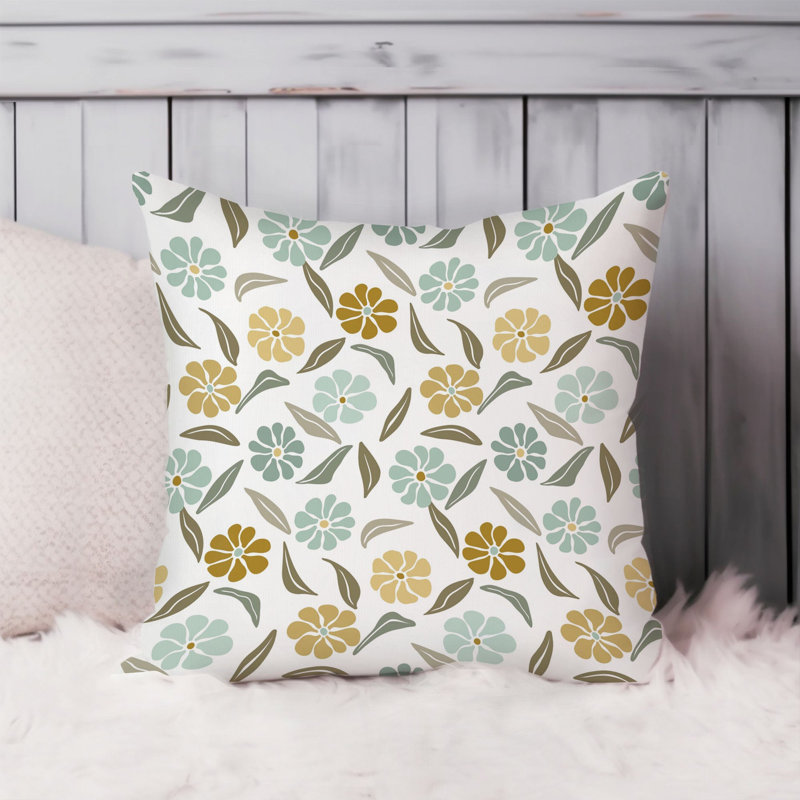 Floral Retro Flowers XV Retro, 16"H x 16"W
- - -
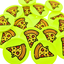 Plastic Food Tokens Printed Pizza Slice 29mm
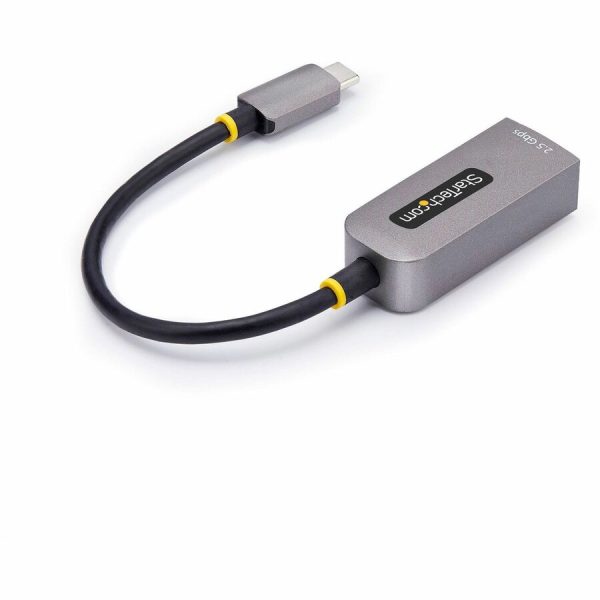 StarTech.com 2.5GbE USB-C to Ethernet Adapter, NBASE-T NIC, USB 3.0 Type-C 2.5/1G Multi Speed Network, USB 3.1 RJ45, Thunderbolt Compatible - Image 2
- - -
DESCRIPTION OF THE TASK: Using the entries above, reproduce word for word only the lines from the one that contains "Plastic Food Tokens Printed Pizza Slice 29mm" to the one that contains "StarTech.com 2.5GbE USB-C", both ends included, and drop every picture.

OUTPUT BELOW:
 Plastic Food Tokens Printed Pizza Slice 29mm
 StarTech.com 2.5GbE USB-C to Ethernet Adapter, NBASE-T NIC, USB 3.0 Type-C 2.5/1G Multi Speed Network, USB 3.1 RJ45, Thunderbolt Compatible - Image 2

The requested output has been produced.